Work instructions:
All of the data should be given again word for word, though the images are to be left out.

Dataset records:

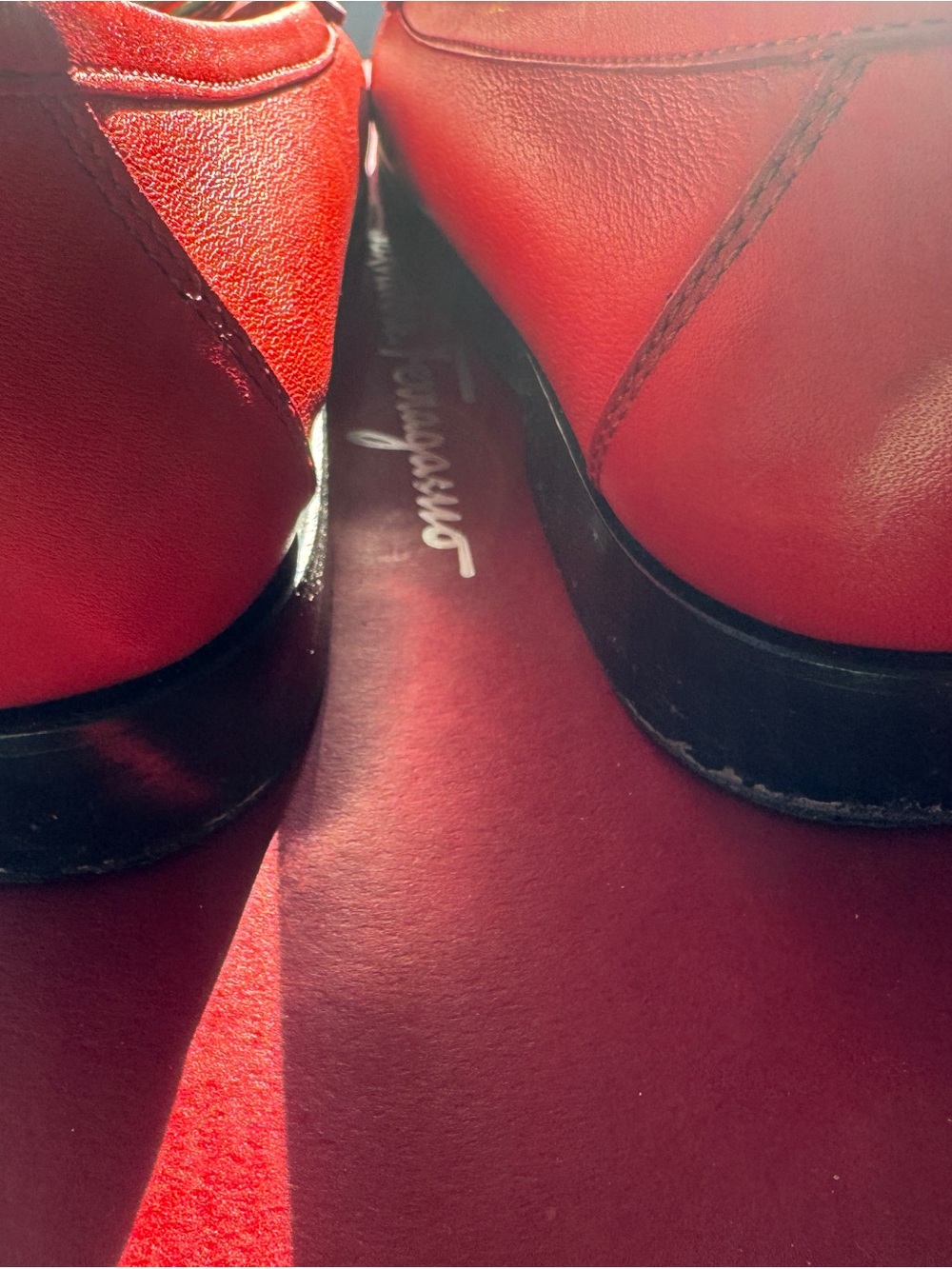 Salvatore Ferragamo Red Leather Vara Bit Loafers with Gold Hardware - Picture 6 of 11
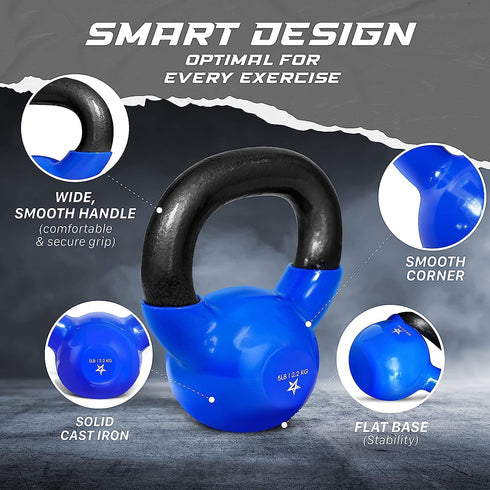 Yes4All Kettlebell Vinyl Coated Cast Iron – Full Body Workout Equipment for Grip Strength and Strength Training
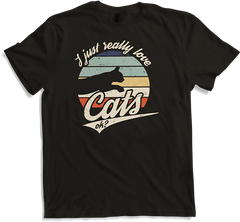 Produktbild von T-Shirt I just really love cats ok? | Lustiger Katzen Spruch Miau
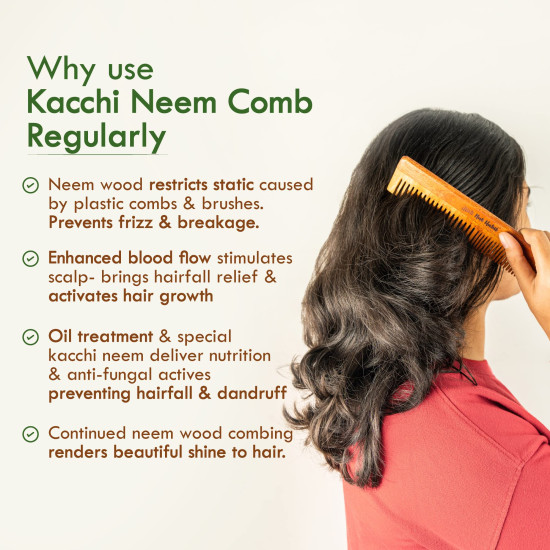 Nat Habit - Back To Natural Secrets Everyday Dual Tooth Wooden Kacchi Neem Comb & Men's Hair NutriMask For Hair Growth, Hairfall Control & Hair Smoothening (Combo Pack of 3)
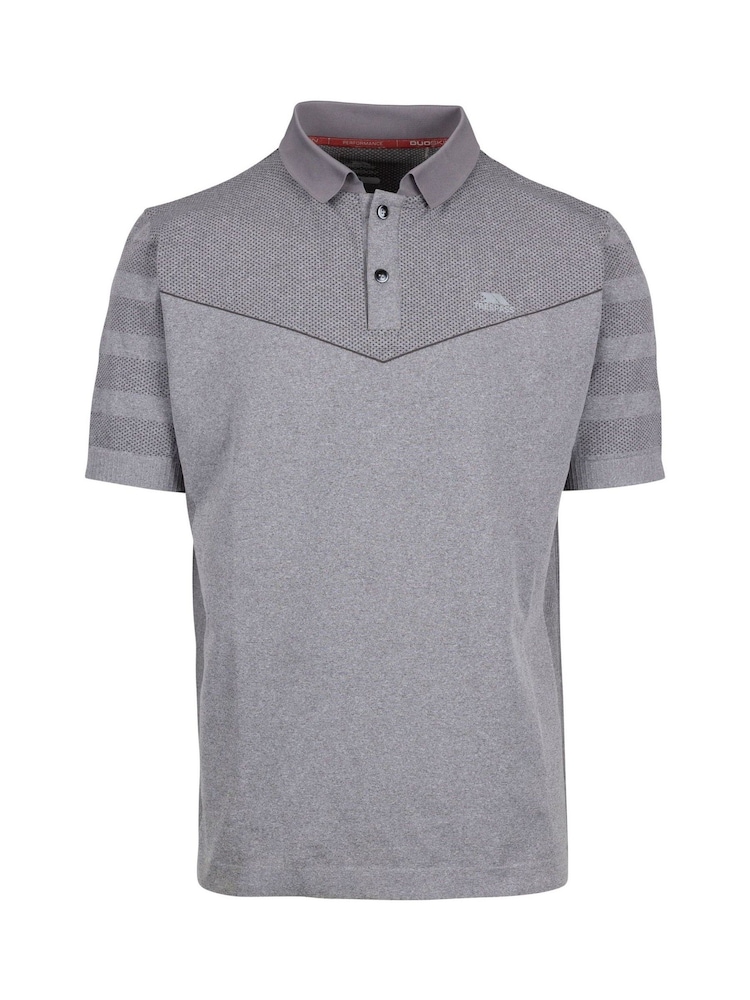 Trespass Male Grey Nab Active Polo T-Shirt - Image 1 of 2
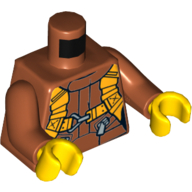 Lego Torso Jumpsuit with Orange Harness Print, Dark Orange Arms, Yellow Hands / Dark Orange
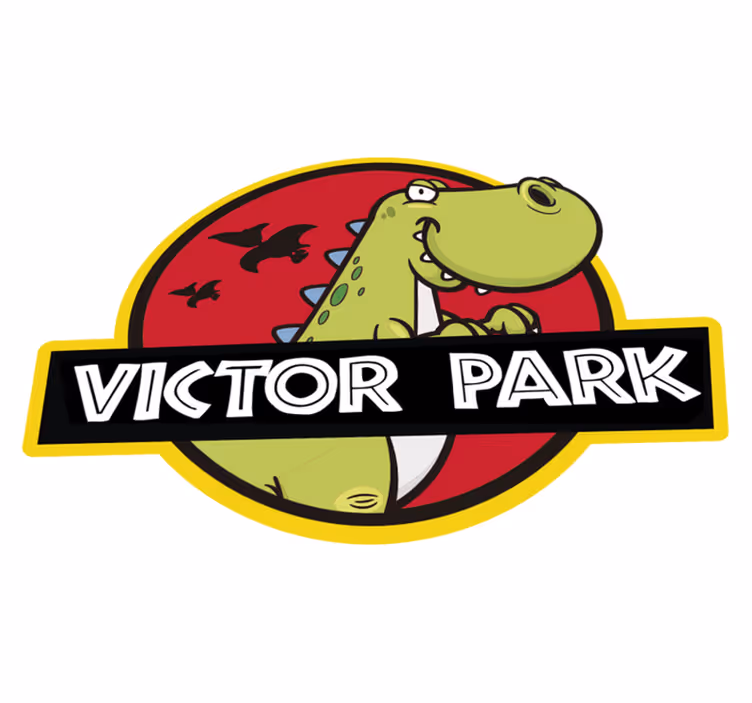 Personnalised jurassic park kids vinyl matta - Tenstickers
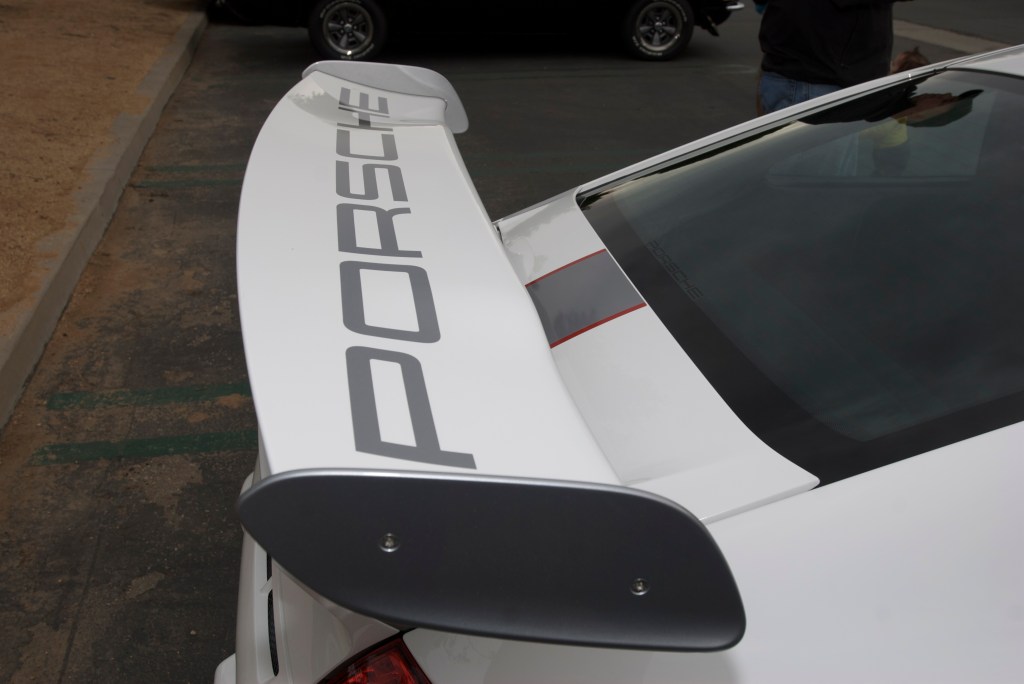 White 2011 Porsche GT3 RS4.0_rear wing_Cars&Coffee/Irvine_1/14/12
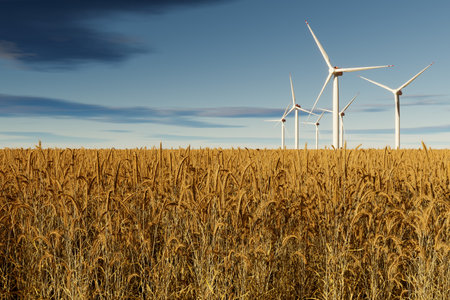 Wind turbines in a wheat field. Alternative energy source. 3D illustration.の写真素材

Response:
 Salvatore Ferragamo Red Leather Vara Bit Loafers with Gold Hardware - Picture 6 of 11
 Yes4All Kettlebell Vinyl Coated Cast Iron – Full Body Workout Equipment for Grip Strength and Strength Training
 Produktbild von T-Shirt I just really love cats ok? | Lustiger Katzen Spruch Miau
 Nat Habit - Back To Natural Secrets Everyday Dual Tooth Wooden Kacchi Neem Comb & Men's Hair NutriMask For Hair Growth, Hairfall Control & Hair Smoothening (Combo Pack of 3)
 Trespass Male Grey Nab Active Polo T-Shirt - Image 1 of 2
 Lego Torso Jumpsuit with Orange Harness Print, Dark Orange Arms, Yellow Hands / Dark Orange
 Personnalised jurassic park kids vinyl matta - Tenstickers
 White 2011 Porsche GT3 RS4.0_rear wing_Cars&Coffee/Irvine_1/14/12
 Wind turbines in a wheat field. Alternative energy source. 3D illustration.の写真素材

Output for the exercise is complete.